DFS Moneyball: Beating daily fantasy sports with predictive analytics

  • Print
  • Connect
  • Email
  • Facebook
  • Twitter
  • LinkedIn
  • Google+
By Michael A. Henk, Nicholas Blaubach | 24 March 2016

As Major League Baseball’s opening day approaches, everyone watching sporting events can expect to see advertisements for daily fantasy sports (DFS) contests. This phenomenon continues to sweep the globe despite well documented and yet to be resolved concerns regarding its legality. Most sports fans are familiar with fantasy sports, but this take on a long-existing game is relatively new and offers huge cash prizes for entrants that can conquer the most elite competitions. The million-dollar question (sometimes literally) is “How can I win the game?”

Before we can answer that question, we’ll need a brief history lesson on where this DFS phenomenon originated. Then we’ll analyze the strategy of one known million-dollar winner. Finally, we’ll see if we can use our predictive analytics, data science, and actuarial forecasting background to “win” the game and make DFS a rational investment option for advanced modelers.


For those unfamiliar with the basic concept, a “fantasy sport” is defined as a game where participants build teams that compete against each other based on the performance of the real-life individual athletes or teams of a professional sport. In 2015, over 55 million people in the United States and Canada played some form of fantasy sports.

While fantasy sports have been around for decades, daily fantasy sports have been gaining popularity over the last few seasons. The concept behind them is relatively simple and differs from traditional fantasy sports only in the length of the commitment: participants enter into a one-day (or one-week) contest where they attempt to assemble the optimal lineup. “Points” are accrued by a drafted athlete’s performance, where more points are allocated for more favorable outcomes (a hypothetical baseball example may be 10 points for a home run versus 1 point for a walk). Participants must also stay within a predetermined salary cap, which is essentially a “budget,” preventing participants from selecting the most elite, and thereby most expensive, athletes across the board. Salaries are determined by the DFS provider and can be considered representative of the “expected” number of points that particular athlete will accrue during the game. After the real-life games are complete, the lineup that scores the most points versus other entries in that particular contest wins.

A typical DFS contest involves participants entering into “pools” with a specific number of other participants, each contributing a specified dollar amount upfront. The DFS provider, of course, will take a small portion of each entry into the pool in order to generate revenue and cover the costs of operating the contest. Legally, the prizes for each pool must be stated up front. In the event that the contest doesn’t fill to capacity, the DFS provider must still pay out the stated prize. In the DFS industry, this is referred to as “overlay” and is a common problem for new DFS providers (as it was for the current industry providers at their own inceptions).

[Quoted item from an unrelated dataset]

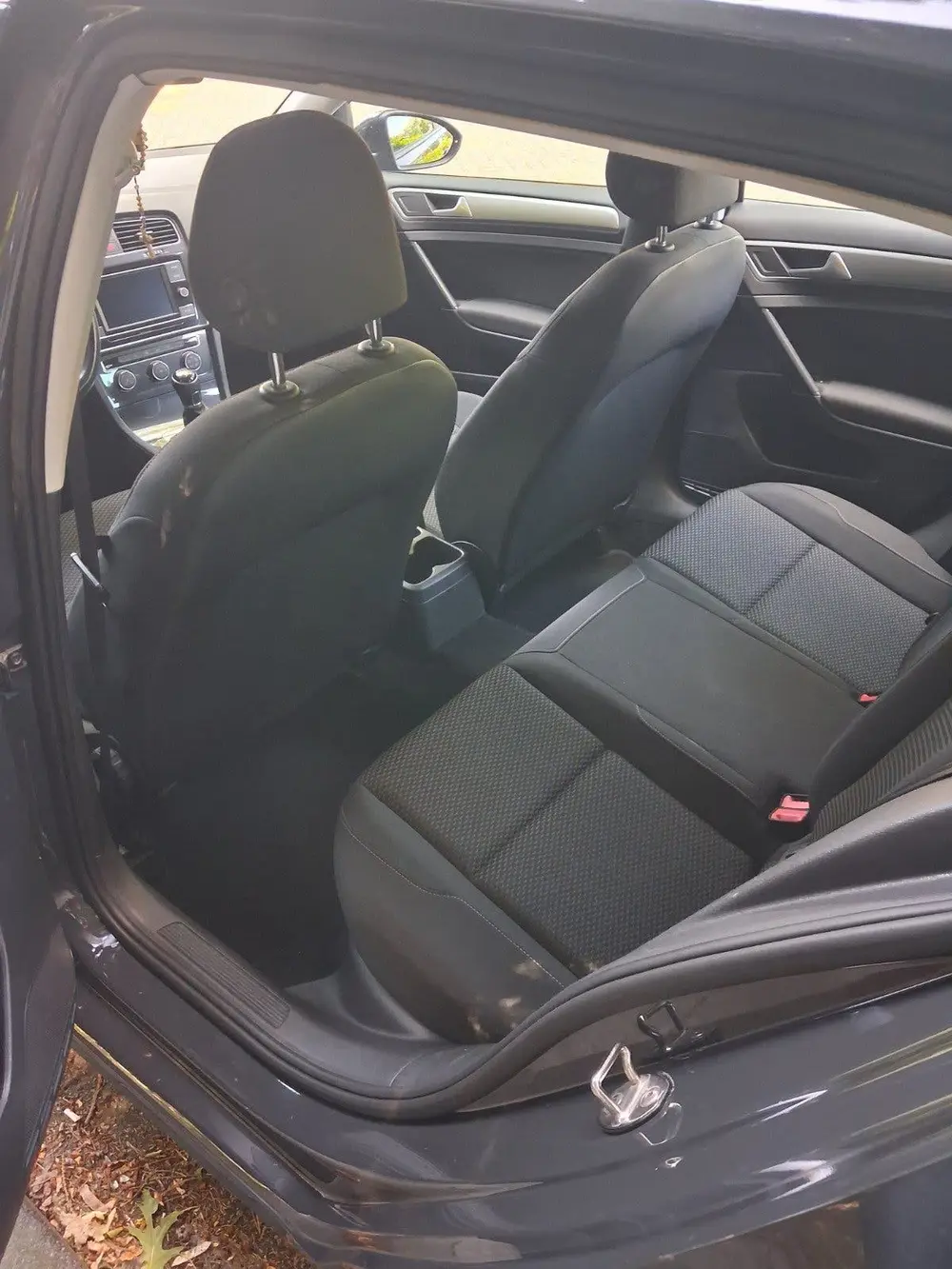 Volkswagen Golf VII Golf 1.0 TSI 115pk 2020 Grijs uit 2020, foto 14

In 2006, a federal law commonly known as the “Unlawful Internet Gambling Enforcement Act” (UIGEA) was adopted that “prohibits gambling businesses from knowingly accepting payments in connection with the participation of another person in a bet or wager that involves the use of the Internet and that is unlawful under any federal or state law.” This act contains subsections that specifically contain language on the legality of fantasy sports. These subsections contain a series of guidelines that Internet-based fantasy sports must comply with to continue to operate legally. Essentially, the law defines fantasy sports as a game of skill rather than a game of chance. This is far from universally accepted, and this ruling has come under fire recently, with a number of states (Arizona, Iowa, Louisiana, Missouri, Nevada, and Washington) banning DFS already, while others are currently challenging the DFS laws.

The legality of DFS continues to be questioned and cannot be accepted as a given going forward. However, until the laws written surrounding fantasy sports are clarified or terms such as “game of skill” or “game of chance” are better defined, it’s anticipated that DFS will continue to operate.

Winning the game

Now that we’ve touched on the history and (assumed) continued legality of DFS, we can start to discuss how to win the game. In 2015, the top market share providers paid out a combined $3 billion. How do we get our share?

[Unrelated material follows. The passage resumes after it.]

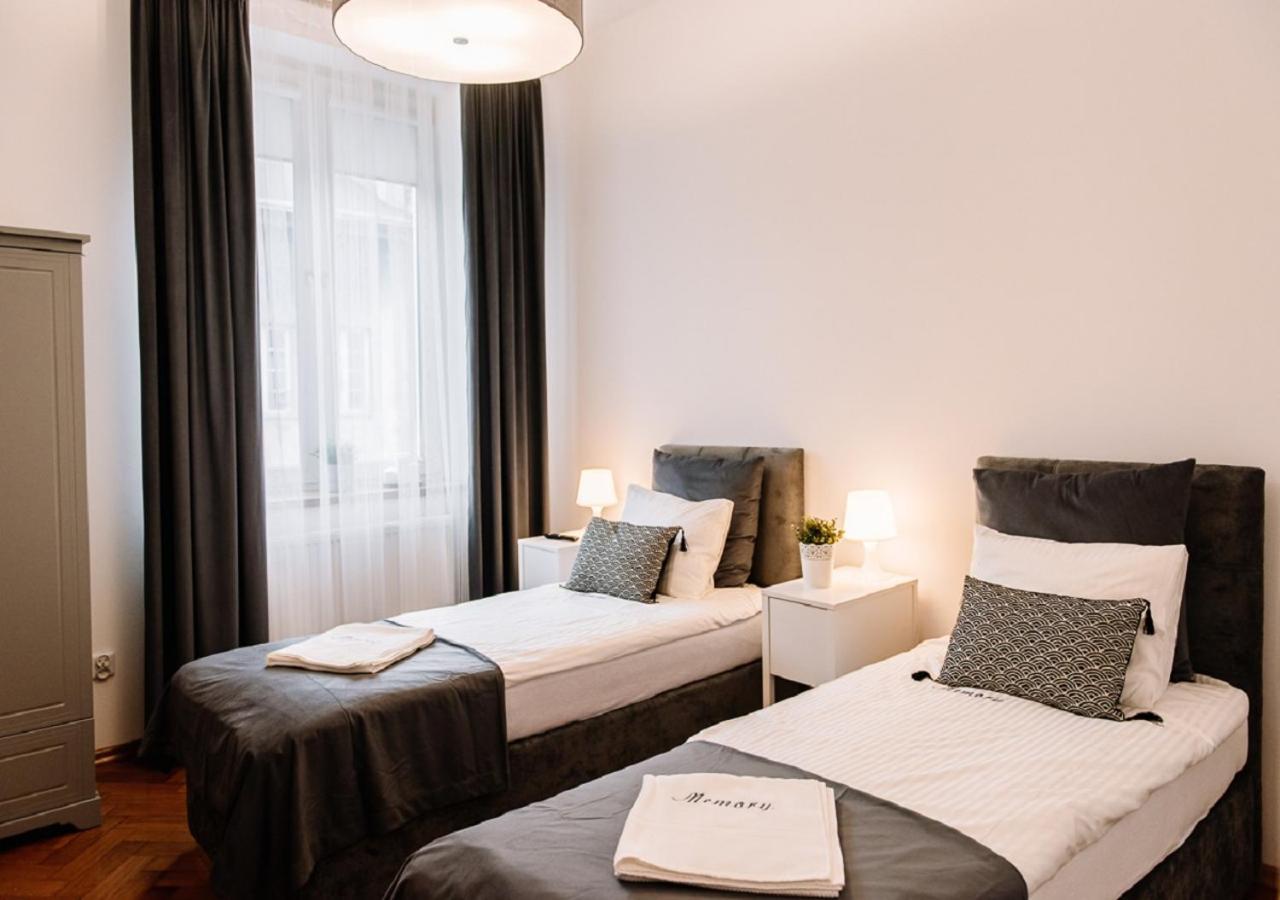 Memory Apartments Cracovia Esterno foto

There’s a reason for this, and the constant blast marketing campaigns are only a part of it. These companies have been very highly valued and have been invested into heavily. To generate a return on this investment, these companies must grow. To grow, they need new participants. This is the reason for the significant investment in almost every advertising medium. The ads showcase the big winners, focusing on the lack of commitment and the potential to get rich quickly, an approach that is very similar to a traditional lottery advertisement.

Like traditional lottery advertisements, these ads never focus on the downside of the contests. The fact of the matter is most players lose. In addition to paying out a huge sum of money in 2015, DFS providers generated more losers than ever before. True, any participant can get lucky with a handful of entries and walk away with tens of thousands or even millions of dollars. In reality, almost all of the prize money is flowing to a small few who have built elaborate statistical models and use automated tools to generate hundreds of entries at once. These models not only build an optimized roster for competition, they’re also being used to identify the weakest opponents, further allowing them to cash in.

However, these elite DFS participants are a threat to growth in the industry. It’s hard to imagine that a lot of participants will stick around and continue to pay entry fees if they feel like they can’t win. On the other hand, state-run lotteries still have a significant number of people who keep coming back, so maybe there’s no threat to growth after all. That remains to be seen.

One of the “elite” winners of fantasy sports is Saahil Sud,1 who now plays fantasy sports full time, pulling in over $3 million in prizes in 2015 (net of entry fees). He’s now one of the top-ranked DFS participants (according to Rotogrinders, an online DFS tracker). He spends up to 15 hours a day “working” on his daily fantasy sports job. During the baseball season, he puts about 200 entries into tournaments each night and puts more than 1,000 entries a week into football contests during the NFL season.

So how did he do it, and more importantly, can we do it? His first step is something we can all replicate, and something actuaries do on a regular basis. He pulls data from various public resources online. As with any predictive modeling exercise, one of the first steps is procuring the data needed to calibrate our models.

Sud then takes this publicly available data and inputs it into his custom-built predictive models, which generate hundreds of different lineups based on his forecasts. There are plenty of websites available that offer to do this for you, but if they’re willing to do it for you, they’re willing to do it for everyone. Much like investment advice, a “hot tip” becomes less and less valuable the more publicly available it is. This is why Sud created his own software and makes sure that no one else can access his personalized database.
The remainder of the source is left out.